И здесь повезло: открыли Самотлор огромный поток нефтедолларов, огромный скачок цен на нефть в 1973 году, потом в 1979 году. Мы по крайней мере лет на восемнадцать двадцать получили передышку, возможность ничего не делать. Но ситуация продолжала созревать. Мы впервые обнаружили, что и с такими огромными доходами не можем прокормить людей, должны покупать десятками миллионов тонн зерно за рубежом, это началось с 1963 года. Мы в состоянии обеспечить рост экономики, лишь накачивая объемы капиталовложений и никак иначе: капиталоемкость росла очень быстро. Это означало, что опережающими темпами должно расти накопление и сокращаться потребление.

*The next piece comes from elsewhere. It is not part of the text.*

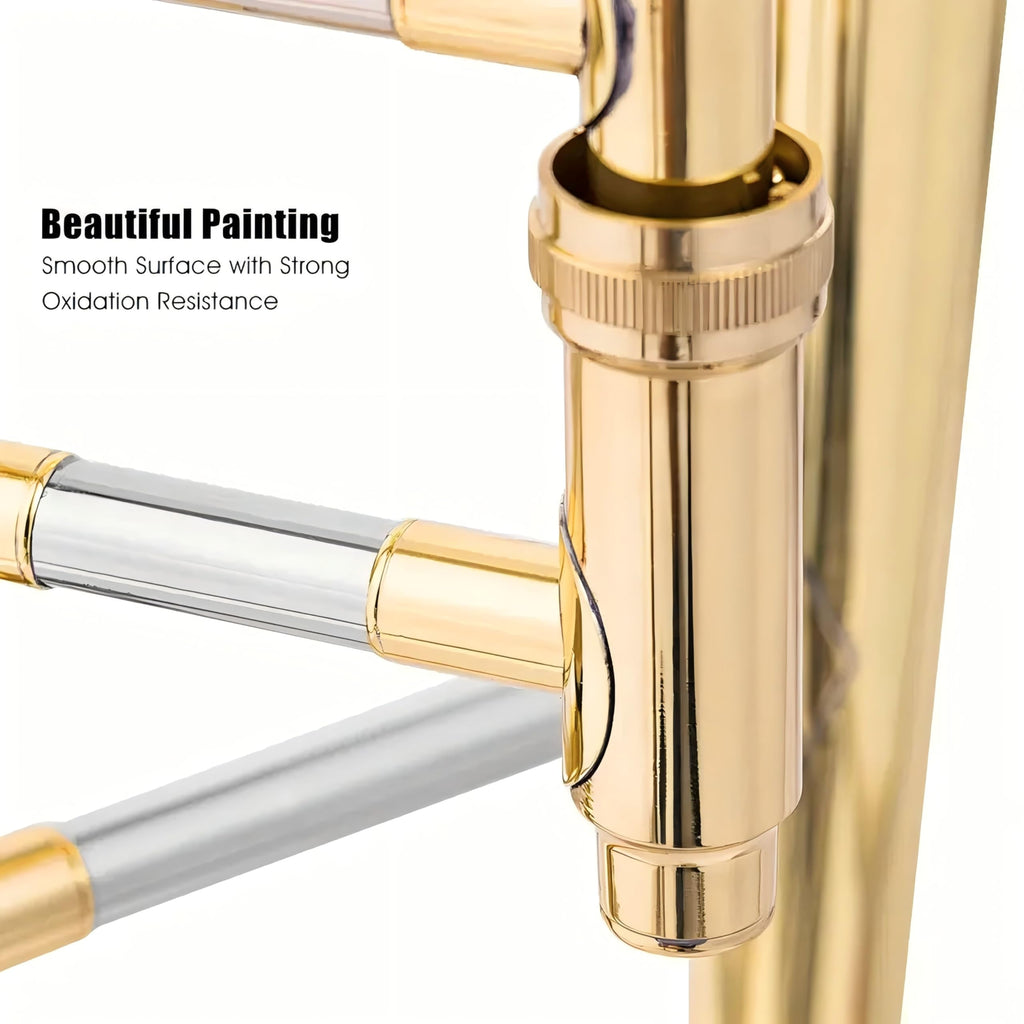 YAYUZEST Bb Tenor Slide Trombone for Students Beginners, B Flat Brass Plated Trombone Instrument with Hard Case Mouthpiece White Gloves and Cleaning Kit (Gold)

У населения доходы вроде росли, но после съезда в 1975 году мы получили как бы колбасу другой рецептуры. Я это хорошо помню, потому что сразу понял, что есть это уже вредно для здоровья. Госплан стал следить, как там баланс мясных ресурсов в стране, хватит ли на то, чтобы изготовлять колбасу по старой рецептуре. Потом добавляли туда сою, бумагу, не знаю что, но это был другой продукт!
Еще одно исключительно важное свойство этой системы товарный дефицит. Он существовал всю советскую власть: очереди, как, что, через кого достать. Это родовой признак социализма. И когда меня спрашивают: «А сейчас у нас что рыночная экономика?», я говорю: «Рыночная, потому что теперь вам не хватает денег, а раньше вам не хватало колбасы, кирпича, металла, чего хотите всего не хватало».

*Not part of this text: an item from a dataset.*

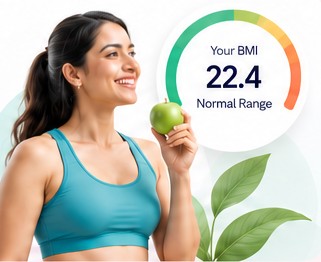 Woman holding an apple next to a BMI gauge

А. Венедиктов: Скажите, а что сдетонировало ситуацию? Ведь могли еще долго жить за счет нефтедолларов?
Е. Ясин: Нет. Во-первых, мощный импульс дали военные и служба безопасности. Я напомню вам стратегическую инициативу Рейгана звездные войны. И военные, и наши разведчики сказали, что мы не выдержим. Соревнование переходит из плоскости чисто военной и инженерной в плоскость экономическую. Иметь свое зерно это вопрос национальной безопасности, гораздо более важный, чем ракеты, СОИ или все такое. И это было усвоено. Нефть не вечна, а что мы дальше будем делать? Все показатели падали. И даже статистика наша, которую подтягивали со всех сторон, не помогала.

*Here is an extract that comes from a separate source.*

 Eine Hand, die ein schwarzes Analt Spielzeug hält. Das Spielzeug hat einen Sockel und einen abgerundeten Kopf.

Второй импульс падение цен на нефть. В 1986 году цены на нефть обрушились, мы вынуждены были значительно сократить закупки по импорту, встал вопрос: во что одевать наших женщин, откуда брать кур, которыми мы кормили Москву и Питер, покупая их в Польше или Голландии?
В то же время я хорошо понимаю консерваторов, скажем, Суслова. Я отношусь к нему с уважением при всем при том, что есть за ним и много плохого. И вот почему: когда некоторые наши коллеги хотели развязать кампанию против рыночников-ревизионистов, Суслов сказал, что все советские экономисты равны. Однако он знал не только то, что реформы необходимы, но и то, что они приведут к очень неприятным последствиям. И ощущение у него, наверное, и не только у него, было такое: без меня. После меня хоть потоп.